Enterprise

General Notes

Almost all aspects of Enterprise Nucleus Server stack are documented via its settings (.env) file included in the stack tarball we provide.

We try to keep our documentation on settings and options as close to the “code” as possible here.

That file should be self explanatory, with settings and comments talking about what they do.

This document should be considered an addendum to information in the .env file.

Monitoring

Monitoring your instances is imperative to understanding the general health of the system and if more resources are necessary. At a minimum, one should monitor:

  • Disk space

  • CPU and LA

  • Memory

Additionally, Nucleus stack itself exposes quite a few metrics about its load characteristics (such as amount of requests per user, per request type, etc).

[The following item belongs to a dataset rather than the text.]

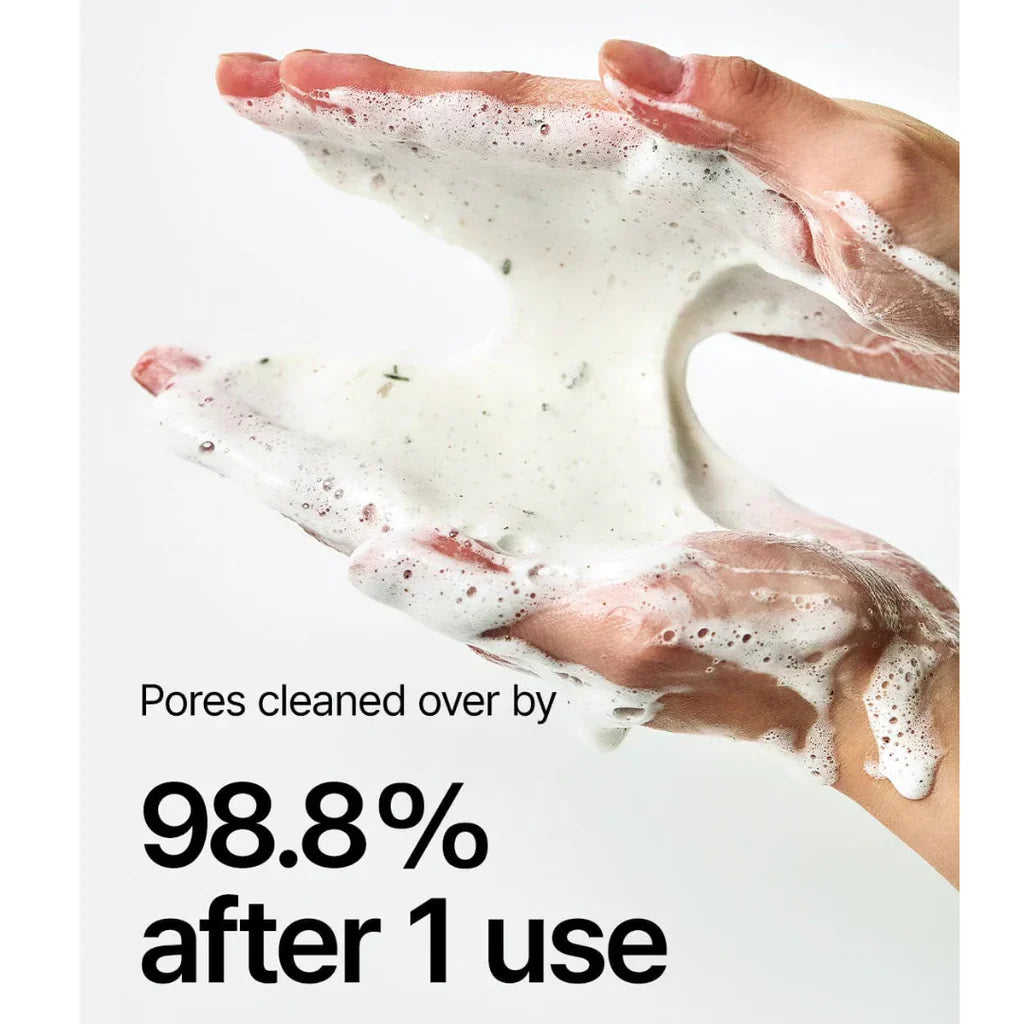 https://allurify.pk/products/anua-heartleaf-quercetinol-pore-deep-cleansing-foam?_pos=1&_sid=c56d9420d&_ss=r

We recommend to take advantage of these metrics. We expose them to be consumable by Prometheus. As usual, the port for scraping metrics can be found in the Stack’s .env file.

Data Management and Backups

Nucleus Data Directory contains multiple sub-directories utilized by various Nucleus components:

  • data subdir contains core data - actual data residing in Nucleus (elements of Nucleus’s file tree: their content and metadata (ACLs, timestamps, etc)) uploaded by its users

  • local-accounts-db and tags-db are Authentication and Tagging services’ databases respectively

  • log subdir contains log files

  • scratch, resolver-cache, and tmp contain internal cache and scratch spaces

Core Nucleus Data

data directory with the actual data hosted by Nucleus is opaque and should not be changed or modified externally.

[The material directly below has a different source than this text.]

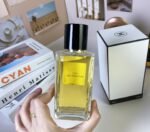 Chanel Sycomore (Les Exclusifs de Chanel) - Image 4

If making a copy of this directory (for migration to another machine for example), Nucleus stack must be stopped. This bears repeating - copying Core data directory “hot” can not be done safely.

If backups of Core Data are desired, nucleus-tools package contains necessary tooling to create and restore copies of Core Data.

Services Data Dirs

These include accounts and tags’ databases. They can be safely copied and backed up “hot” (while respective services are running).

Logs

Logs are text files and should be self-evident, with one major note: live logs (files that are being appended to by services) in general are not externally rotatable. However, our stack includes rotation and archival sidecars in it, and you can certainly blow away archives with no ill effects (aside from losing log data, of course). They can be copied without stopping services without problem.

Scratch, Temp, Cache Data

Data located in internal caches and scratch spaces of Nucleus does not require backups, and can be deleted without ill effects, but only when the stack is not running.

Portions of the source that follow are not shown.